PROTOCOL udp UNIT 1 IDLE 287 (300) LASTHOP vlan1625 00:50:56:93:01:46

 

 

 

 

Could a massive influx of DNS queries cause inet port exhaustion if they are actually being translated by the ipforwarding VIP? And why would the ip forwarding VIP translate the src ports?

 

 

 

 

 

  • hoolio's avatar
    hoolio
    Icon for Cirrostratus rankCirrostratus
    Hi Bob,

     

     

    We discussed optimizing and UDP DNS virtual server configurations in this thread:

     

     

    http://devcentral.f5.com/Community/GroupDetails/tabid/1082223/asg/52/aft/1168069/showtab/groupforums/Default.aspx

     

     

    If you follow those tips you should be able to greatly reduce the time that connections are kept for.

     

     

    Aaron
  • Thanks hoolio. Very interesting info in that thread.

     

     

    Does anyone have a link or info on how the LTM controls the port translation across a VIP? Below is the ip forwarding VIP and I am searching for why the LTM would proxy this connection and change the source ports.

     

     

     

     

     

    virtual ip_forwarding {

     

    enable

     

    limit 0

     

    rate class none

     

    mirror disable

     

    translate address disable

     

    translate service disable

     

    srcport preserve

     

    fastl4

     

    snat none

     

    cmp enable

     

    cmp processor none

     

    lasthop pool none

     

    snatpool none

     

    pool none

     

    fallback persist none

     

    destination any:any

     

    mask 0.0.0.0

     

    ip protocol any

     

    partition Common

     

    rules none

     

    httpclass none

     

    persist none

     

    auth none

     

    clone pools none

     

    profiles fastL4 {

     

    all

     

    }

     

    traffic classes none

     

    vlans none disable

     

     

  • hoolio's avatar
    hoolio
    Icon for Cirrostratus rankCirrostratus
    Hi Bob,

     

     

    See SOL11003 for some details on this:

     

     

    http://support.f5.com/kb/en-us/solutions/public/11000/000/sol11003.html

     

     

    Aaron
  • Hoolio: Do you think "srcport preserve strict" might help here?
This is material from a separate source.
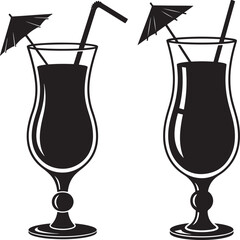 Two tropical cocktail glasses silhouette
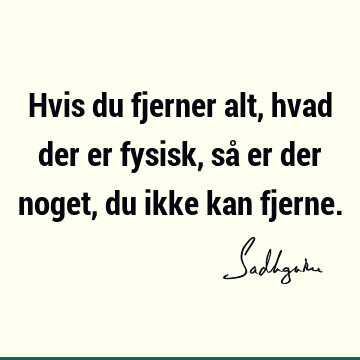 Hvis du fjerner alt, hvad der er fysisk, så er der noget, du ikke kan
Sounds like the LTM thinks that (for some reason) the source port is already being used in error; i think "strict" will force it to not translate, period, whereas "srcport preserve" does it only if it's not tracking anything it thinks is conflicting.
  • hoolio's avatar
    hoolio
    Icon for Cirrostratus rankCirrostratus
    Is it a problem if the source port gets translated? If so, I think reducing the idle timeout (to immediate?) for UDP would alleviate the port reuse. Regardless it would make sense to really trim down the idle timeout for DNS traffic.

     

     

    Aaron
  • My $.02: I wouldn't use preserve strict here, as it only really applies to UDP virtual servers (See the warning at the bottom of SOL8227) and DNS can use TCP as well.

     

     

    -Matt
  • hoolio's avatar
    hoolio
    Icon for Cirrostratus rankCirrostratus
    Yeah, that's another reason separate virtual servers for TCP and UDP make a lot of sense for DNS. I think we covered this fairly well in the past thread I linked to above.